**GOAL OF THE EXERCISE:**
Your answer should be the lines below from the one with "STAR TREK U NACELLE VALKRIS FIGURE 005" to the one with "All Rights Reserved.", both included, given again exactly and with nothing added.

**RECORDS SHOWN:**
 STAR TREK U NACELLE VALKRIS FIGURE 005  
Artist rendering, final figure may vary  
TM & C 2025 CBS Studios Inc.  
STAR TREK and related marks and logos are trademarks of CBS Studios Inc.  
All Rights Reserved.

* * *

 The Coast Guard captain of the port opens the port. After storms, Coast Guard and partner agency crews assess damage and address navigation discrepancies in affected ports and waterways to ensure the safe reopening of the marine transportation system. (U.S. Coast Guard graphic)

**EXERCISE RESPONSE:**
 STAR TREK U NACELLE VALKRIS FIGURE 005  
Artist rendering, final figure may vary  
TM & C 2025 CBS Studios Inc.  
STAR TREK and related marks and logos are trademarks of CBS Studios Inc.  
All Rights Reserved.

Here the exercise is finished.